Anyway, give them a shot, I think you'll like them. Just remember that they won't put out a lot of light. They are perfect for focused light on a single prop where you don't want light to bleed onto the ground or other props like a flood light will.
This is nothing more than a single LED and a resistor in a piece of 1/4 brass tubing that you can get at any hobby shop or craft store. You could easily make your own and using the right value resistor configure it to work on any voltage from 3 volts on up. As Xpendable said the beam is very narrow and I don't think one would come close to lighting up a prop outside unless it is something small like a skull laying on the ground. I would expect to use something like this in an indoor haunt to provide very dim lighting to see your way though a maze. A single led is not going to put out much light. Think of those single LED lights that you can get for your key chain. That is what it is going to be like.
Hallow and this is a really helpful thread for those of us that are just venturing into the LED scene. Creating little spots that focus on individual props is just what we need in our little haunted trail. Thanks for this thread!

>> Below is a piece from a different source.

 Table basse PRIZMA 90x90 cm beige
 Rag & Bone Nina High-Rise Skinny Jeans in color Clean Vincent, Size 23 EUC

For power you might want to use an old computer power supply. You will have all the 12VDC current you would need. (As well as 5 VDC) There is a step by step tutorial on Instructables - Make, How To, and DIY (sorry, not that much into computers to make the link thing work) I am in the process of converting one right now to use on my 3 axis skull. I got the power supply for free and am adding about $5.00 in parts. Just make sure you have it unplugged before working on it Hope this helps. K
I found some great little night lights from Lowes today. They have led bulbs and put a great low level light on my changing portraits. They have plugs so I used cheap extension cords to mount them on top of my portraits. They are $7 for a pack of 2. I glued blue colored gels over the light. Works great!!!!
Tap Plastics carries any color plastic you would need. If you used the light that Spookym suggested you could get 4 light for the price of 1. Also if the light is to wide of beam just get a piece of pvc and stick it over the end of the light. Then you will have a very narrow beam. You could adjust the beam by sliding the light back and forth in the pipe.